**** Listed records ****
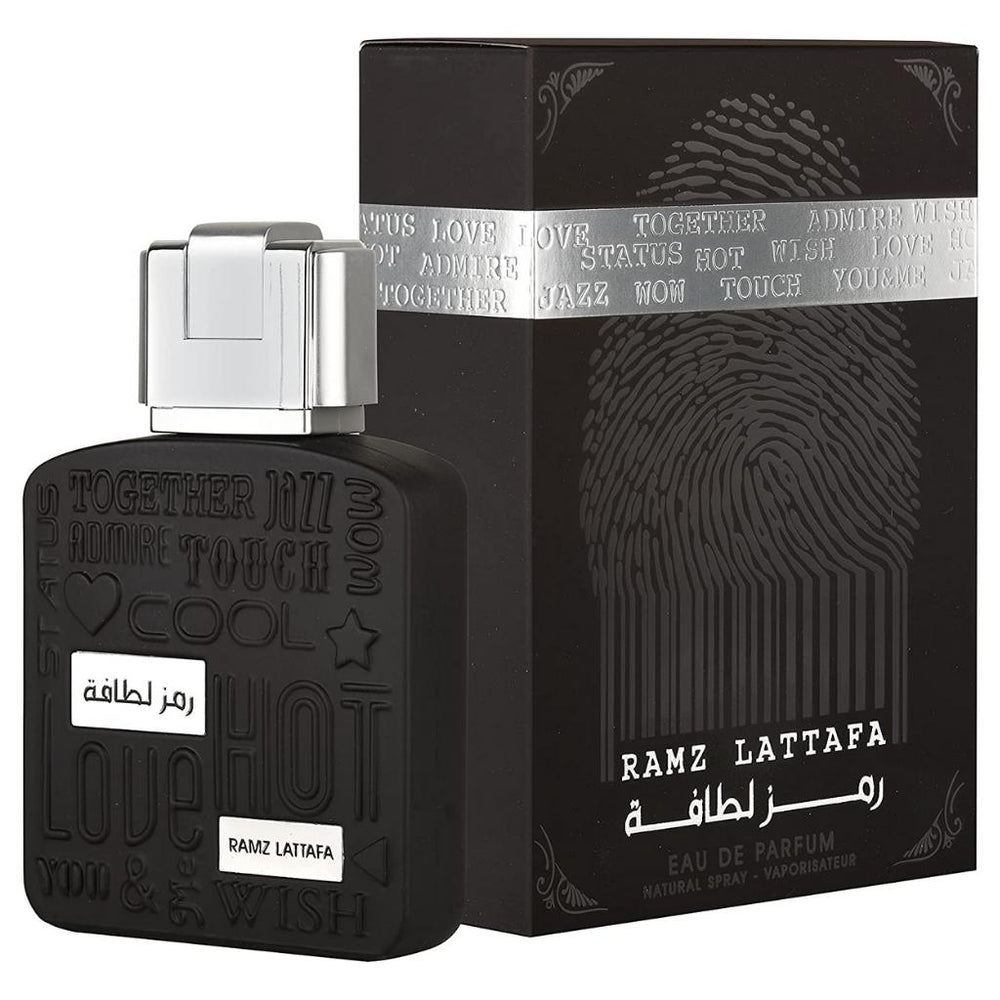 Ramz Lattafa Silver For Men EDP - 100ML By Lattafa - Men's Long Lasting Fragrance Perfume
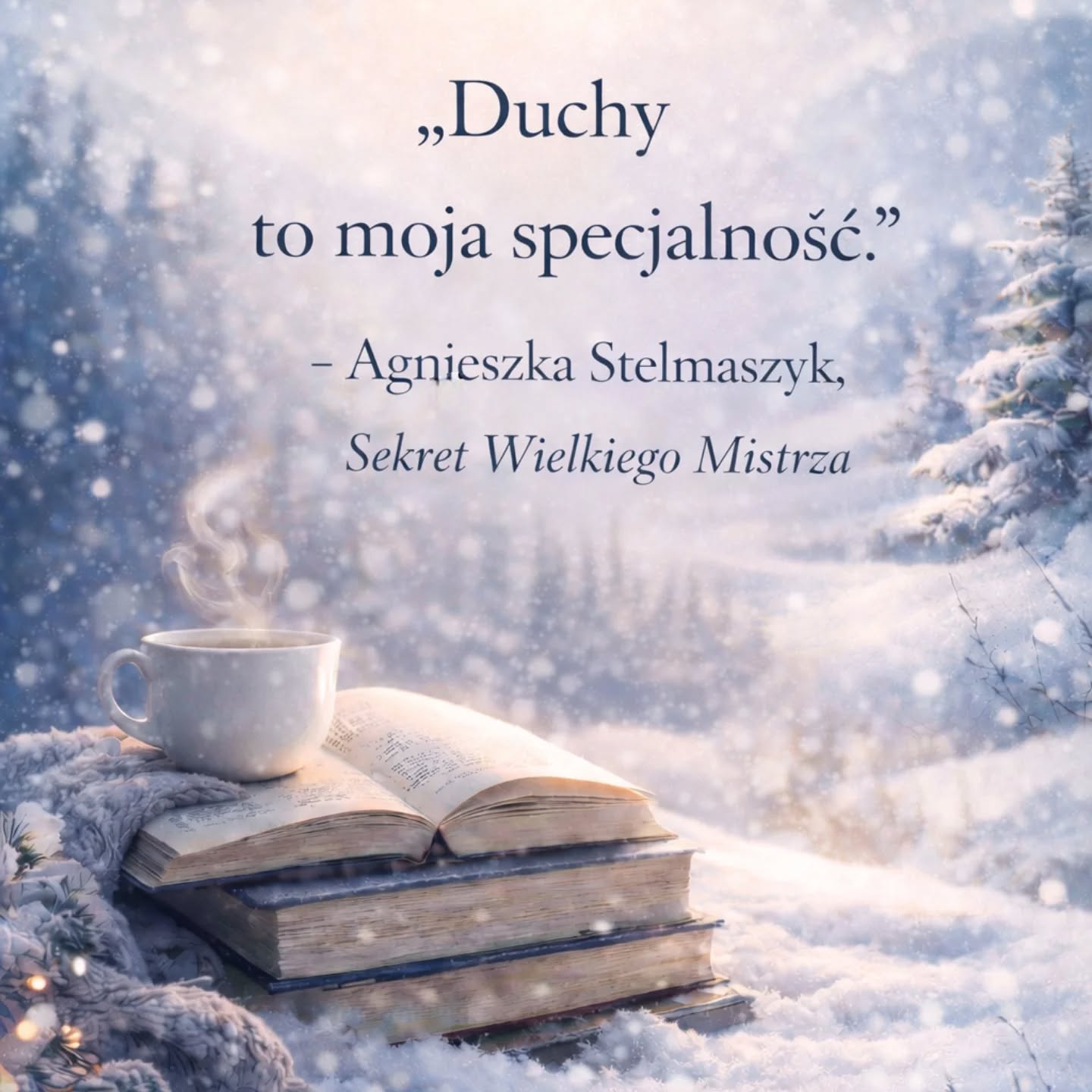 📖❄️
„Duchy to moja specjalność.”

Ten cytat chociaż krótki, został ze mną na dłużej.
Bo Kroniki Archeo potrafią być jednocześnie lekkie, tajemnicze i zaskakująco wciągające... nawet w zimowe wieczory pod kocem.

Już niedługo opowiem, dlaczego trzeci tom ma w sobie coś, co nie chce dać o sobie zapomnieć 👻✨

A Ty — znasz już tę serię, czy dopiero przed Tobą? 

#bookstagram #KronikiArcheo #AgnieszkaStelmaszyk #mwk#wydawnictwowilga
****
The task
From the line that contains "Już niedługo opowiem, dlaczego" through the final line of the entries above, every line must be reproduced exactly and nothing more.

Written answer
Już niedługo opowiem, dlaczego trzeci tom ma w sobie coś, co nie chce dać o sobie zapomnieć 👻✨

A Ty — znasz już tę serię, czy dopiero przed Tobą? 

#bookstagram #KronikiArcheo #AgnieszkaStelmaszyk #mwk#wydawnictwowilga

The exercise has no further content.